Мне, уроженцу Махеры, не нужны были глаза, чтобы знать: я дома – а карабинерам было всё равно, знаю ли я. Сколько всего ужасного произошло, пока меня не было?
Меня потащили в здание: внутри стояла тишина, точнее затишье, которое бывает сразу после прекращения мучительно-громкого шума. Двое солдат несли меня за подмышки, и я волочил свои босые, по-прежнему связанные ноги. Здесь было холодно – толстые каменные стены утепляли помещение, но недостаточно. Меня пронесли через зловеще-тихую комнату, полную голых людей, пустыми глазами уставившихся на меня. Карабинеры молча следили за ними, ни на миг не опуская оружия. В каменных коридорах то и дело внезапно отдавался эхом хохот солдат.
Солдаты оставили меня в месте, которое раньше, наверно, было кабинетом: окно здесь было замуровано кирпичами. У стола управляющего стоял металлический стул с пластиковым сиденьем, с потолка одинокая лампочка в клетке отбрасывала на помещение неровные прямоугольники жёлтого света. В комнате пахло мочой и страхом, хотя, если бы тогда меня попросили определить второе, я не смог бы его описать. А потом…
А потом кто не смог бы?
Не знаю, как долго я там пробыл, брошенный ими. Я то сидел на неудобном металлически-пластмассовом стуле, то ходил кругами, то прикладывал распухший глаз к каменным стенам, чтобы его остудить. Мне нужно было облегчить кишечник и мочевой пузырь, и я уже в отчаянии поглядывал в угол, но тут в двери загремели ключи, и в кабинет вошёл человек – карабинер с ружьём. Оглядев помещение, он указал дулом ружья, чтобы я сел на стул, и я подчинился. Тогда в кабинет, глядя в блокнот-планшет, зашёл второй человек: первую страницу он прочитал, не поднимая головы, перелистнул на следующую и только тогда посмотрел на меня поверх очков, будто пожилой профессор – только вот на нём был мундир махерской армии, без особых украшений, но с указанием на звание подполковника. На груди этого приземистого мужчины с густыми чёрными усами и глубоко посаженными глазами, говорящими о недостатке сна, виднелась табличка, и на ней стояло имя: Сепульведа.
Мне захотелось броситься на карабинера, выцарапать ему глаза, вырвать из рук ружьё, но я уже тогда был немолод и почти гол, и казался себе очень маленьким.
– Рафаэль Авенданьо? – спросил подполковник.
– Где Алехандра? – удалось мне произнести.
Сепульведа бросил взгляд на солдата. Тот подошёл ко мне, поднял ружьё, перевернул и ударил меня прикладом в уже побитый глаз одним совершенно непринуждённым движением. Расцвела фантастическая боль, ощущение удара разлилось по всему телу, словно произвол, совершённый с моим глазом, одновременно почувствовали большой палец на ноге, ладонь, голень, предплечье, каждая пора, каждый зуб, каждый волосок, мои кости и жилы, каждая часть меня. Боль стала суммой моего тела. Я больше не чувствовал отдельные части тела – всё стало одним.

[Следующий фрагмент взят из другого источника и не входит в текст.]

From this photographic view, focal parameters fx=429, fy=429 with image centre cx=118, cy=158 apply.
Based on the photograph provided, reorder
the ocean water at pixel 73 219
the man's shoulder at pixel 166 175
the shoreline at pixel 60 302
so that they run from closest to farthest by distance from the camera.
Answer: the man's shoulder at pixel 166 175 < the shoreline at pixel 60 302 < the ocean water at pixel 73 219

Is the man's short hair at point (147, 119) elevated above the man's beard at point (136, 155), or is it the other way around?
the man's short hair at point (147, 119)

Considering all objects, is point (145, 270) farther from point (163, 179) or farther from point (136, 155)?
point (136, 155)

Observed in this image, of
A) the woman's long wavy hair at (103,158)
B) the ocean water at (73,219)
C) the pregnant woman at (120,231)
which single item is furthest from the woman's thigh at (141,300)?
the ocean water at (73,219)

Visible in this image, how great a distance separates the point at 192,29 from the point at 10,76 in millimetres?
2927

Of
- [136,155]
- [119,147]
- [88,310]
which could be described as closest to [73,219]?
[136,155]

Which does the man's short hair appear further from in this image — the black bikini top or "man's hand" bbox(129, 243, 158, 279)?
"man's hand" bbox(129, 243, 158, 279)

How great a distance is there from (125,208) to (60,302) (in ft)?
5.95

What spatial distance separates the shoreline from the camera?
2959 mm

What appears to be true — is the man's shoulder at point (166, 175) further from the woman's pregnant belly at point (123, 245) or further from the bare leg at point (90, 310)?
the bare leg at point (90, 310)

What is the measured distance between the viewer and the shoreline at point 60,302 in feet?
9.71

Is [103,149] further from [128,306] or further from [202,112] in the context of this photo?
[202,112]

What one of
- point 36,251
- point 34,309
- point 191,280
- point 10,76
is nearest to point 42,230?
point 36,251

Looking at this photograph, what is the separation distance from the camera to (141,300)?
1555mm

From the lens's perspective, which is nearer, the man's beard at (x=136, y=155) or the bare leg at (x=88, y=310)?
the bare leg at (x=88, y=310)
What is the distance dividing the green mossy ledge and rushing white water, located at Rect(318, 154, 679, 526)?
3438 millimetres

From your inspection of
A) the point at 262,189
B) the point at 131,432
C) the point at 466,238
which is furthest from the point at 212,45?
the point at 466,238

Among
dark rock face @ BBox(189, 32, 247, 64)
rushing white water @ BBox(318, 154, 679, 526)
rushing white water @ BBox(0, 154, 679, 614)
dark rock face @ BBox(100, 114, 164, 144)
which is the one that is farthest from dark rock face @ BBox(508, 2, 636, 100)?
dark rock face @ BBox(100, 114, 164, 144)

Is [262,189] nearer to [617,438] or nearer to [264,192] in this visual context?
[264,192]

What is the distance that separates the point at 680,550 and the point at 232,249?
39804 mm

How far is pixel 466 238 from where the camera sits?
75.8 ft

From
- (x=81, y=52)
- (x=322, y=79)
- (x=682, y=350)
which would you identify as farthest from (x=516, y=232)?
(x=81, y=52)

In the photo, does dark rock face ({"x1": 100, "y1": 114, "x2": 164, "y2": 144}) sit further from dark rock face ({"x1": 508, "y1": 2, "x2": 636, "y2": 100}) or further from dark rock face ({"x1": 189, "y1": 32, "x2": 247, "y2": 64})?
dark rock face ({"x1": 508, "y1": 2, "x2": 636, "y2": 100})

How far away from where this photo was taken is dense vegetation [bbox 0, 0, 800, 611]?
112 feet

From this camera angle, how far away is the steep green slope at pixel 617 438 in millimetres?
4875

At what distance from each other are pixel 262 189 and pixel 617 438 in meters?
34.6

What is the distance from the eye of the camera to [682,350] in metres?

Наэлектризованный воздух завибрировал, я ощущал, как кровь пульсирует и, подгоняемая сердцем, толкается через проходы и коридоры в лабиринте моей плоти. А потом я перестал чувствовать. Поднявшись с пола, снова занял стул, переставший быть неудобным. От удара что-то вывихнулось.
– Рафаэль Авенданьо? – повторил он.
– Да, – сказать было легче, чем кивнуть.
– Добро пожаловать домой, – он отметил что-то на своём планшете.
– Что… – начал я. Сепульведа удивлённо поднял брови на этот мой вопрос. – Что происходит?
– Ах да, не сомневаюсь, у вас есть вопросы, – ответил он. – В Махере в последнее время было неспокойно: в последние дни «сопротивление» проявляло немалую активность, – сняв очки, он вытер их белым платком. – Боюсь, им удалось убить президента Павеса.
Невзирая на боль, я чуть не засмеялся над таким абсурдным заявлением. Павес был социалистом! Большинство считало его союзником, а его племянник был давним пионером социалистического движения. Абсурд!
Но я не стал смеяться и восклицать, сохраняя ничего не выражающее лицо. Сепульведа снова надел очки:
– Сейчас нашим генералам удалось восстановить порядок.
– Кто у власти? – спросил я.
– Мы, конечно же, состоим в совете равных, но старший – генерал Видаль.
– Значит, хунта, – ответил я. Сепульведа нахмурился:
– Я надеялся, что вы как наш гость – прославленный поэт, увенчанный лаврами! – осчастливите нас более содержательным комментарием. Что ж, – вздохнул он, – начнём с малого. У Алехандры Льямос ведь есть сестра? – спросил он, перелистнув страницу планшета.
«Сестра Алехандры? Зачем им…»
– Отвечайте на вопрос, пожалуйста, – сказал Сепульведа, и солдат шагнул ко мне.
– Да, Офелия, – ответил я. Очень легко пасть, когда вам больно, у вас отобрали одежду и вы испуганы. Именно это я сейчас и говорю себе, а не то, что спросил тогда Сепульведа:
– Где она сейчас?
– Не представляю, – ответил я.
– Она же навещала вас в Санто-Исодоро.
– Она навещала Алехандру, а я сплю с Алехандрой. Она где? – ответил я, прежде чем успел удержаться. Солдат поднял ружьё, чтобы снова меня ударить, но Сепульведа остановил его, едва заметно покачав головой, а мне сказал:
– Вы воссоединитесь в своё время, если будете сотрудничать с нами.
– Я сын Махеры, – заявил я. – Вы не можете меня удерживать.
– Как вы увидите, мы можем делать с сыновьями и дочерями Махеры что угодно, если они – враги государства или союзники врагов, – ответил Сепульведа, совершил ручкой незаконченное движение и выглянул за дверь: – Маркос, Хорхе, будьте добры дать этому заключённому немножко асадо, но не слишком острого, хорошо? У него есть информация.
– Я не… – начал я, но тут солдат опрокинул мой стул ногой, и я спиной повалился на пол. Очередной вывих, перед глазами всё побелело. Я чувствовал запах патоки, апельсиновой цедры и только что убитого кролика, мой разум приходил к странным выводам. Когда ко мне вернулся дар зрения, солдаты (к первому присоединились ещё два) связали мои руки и подняли меня. Первый сказал остальным:
– La parilla, – то есть жаровня.
Они несли меня вниз по лестницам и коридорам. Я едва помнил себя от изнеможения и боли. Меня принесли в каменную комнату без окон и с голым металлическим каркасом кровати. Здесь воняло фекалиями, мочой, старыми сигаретными ожогами, человеческим потом и чем-то ещё хуже. Глаз и лицо ныли так, будто в глазницу мне вставили тупой нож.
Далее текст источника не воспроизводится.